Title: In the Heart of the Sea | Rated: PG-13 | Duration: 121 min | Theaters wide (reducing)
Survival stories are among the most fascinating that you’ll ever hear or read about, especially if they’re true. Survival is such a compelling subject matter due to the idea of humankind stripped of any easy way out, left to pit only knowledge and wit against Mother Nature’s ruthlessness. In the Heart of the Sea, adapted from Nathaniel Philbrick’s award-winning book of the same name, seeks to recount the incredible story of the whaleship Essex, but its punches don’t have the effects that it desires.
In 1850, Herman Melville (Ben Whishaw) travels to Nantucket Island, Massachusetts in search of innkeeper Thomas Nickerson (Brendan Gleeson), last survivor of the Essex‘s final voyage. Though initially reluctant to talk about his haunting ordeals, Nickerson is convinced to tell the author about the story of two other men aboard the ship: First Mate Owen Chase (Chris Hemsworth) and Captain George Pollard (Benjamin Walker). Despite clashing with each other, the two lead the Essex on a whaling expedition that culminates in a conflict against a vengeful sperm whale, which rams the ship and forces the crew to abandon it, leaving them thousands of miles away from help and with ever-dwindling supplies.

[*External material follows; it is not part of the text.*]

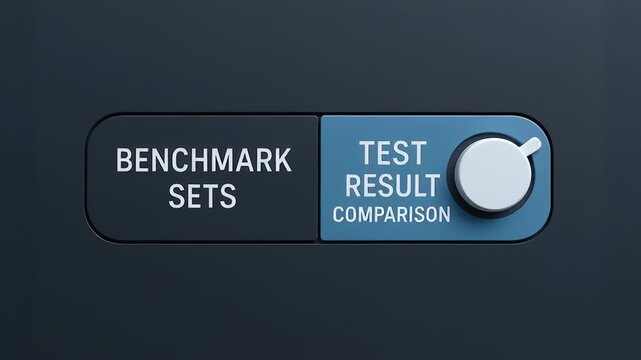 Test result comparison switch highlights industry benchmark sets for clear evaluation and performance analysis with control knob and button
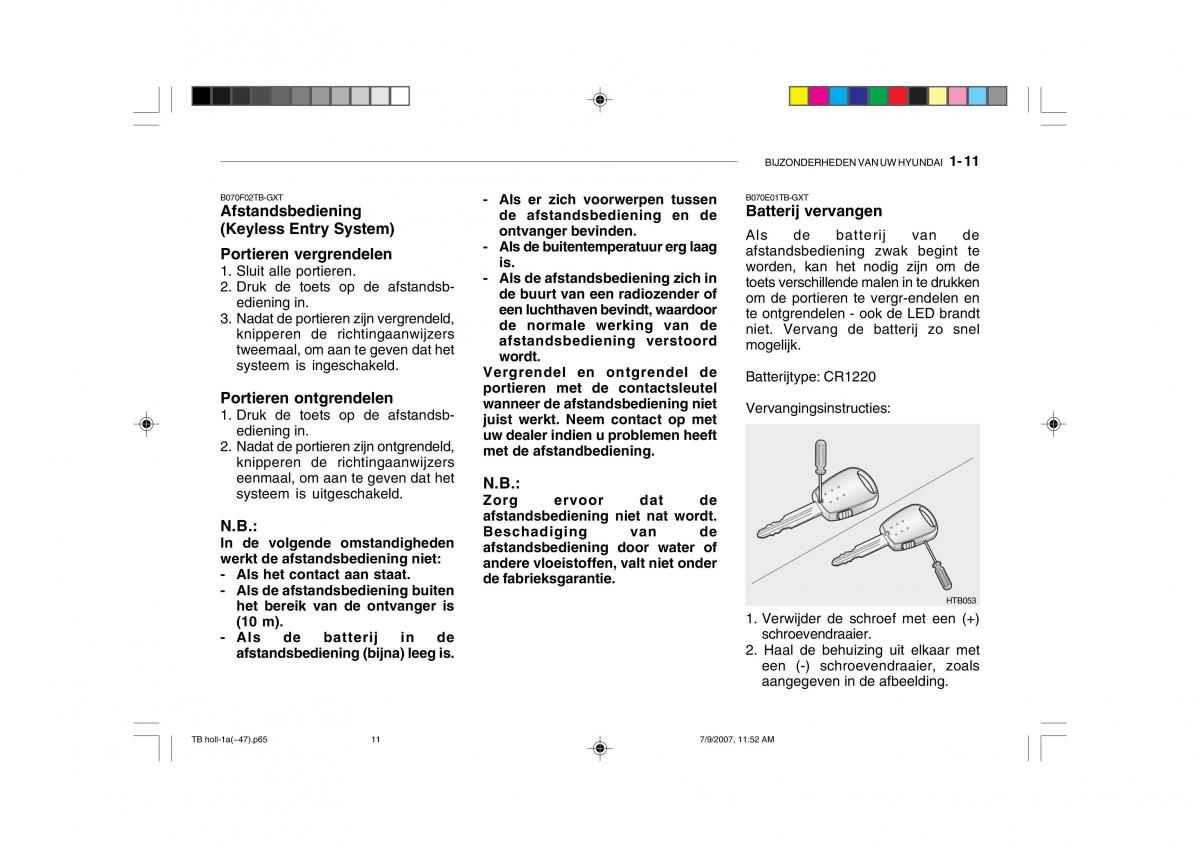 Hyundai Getz handleiding / page 21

In the Heart of the Sea excels in its first half, as it pulls us into a whaler’s world. Director Ron Howard doesn’t just navigate through the Essex‘s every nook and cranny; he drops us right into the streets of 1820s Nantucket and lets its culture and lifestyle immerse us. In those sequences, he reveals small details that prove key in opening up this world, from the competition between whalers and the port’s wet streets to the demand for whale oil and how it affects the market. Details like these constantly come in over the course of this first half, and they make for an exhilarating first whaling sequence. Say what you want about the ethics or necessity of whaling, but you can’t deny that to see it unfold is fascinating, if not heartbreaking. The scenes following the whale’s death are even more engrossing, particularly when we see how the crew cut it apart and extract the oil itself. This is as much an olfactory film as it is a visual one, which is the result of an intimately-told first half.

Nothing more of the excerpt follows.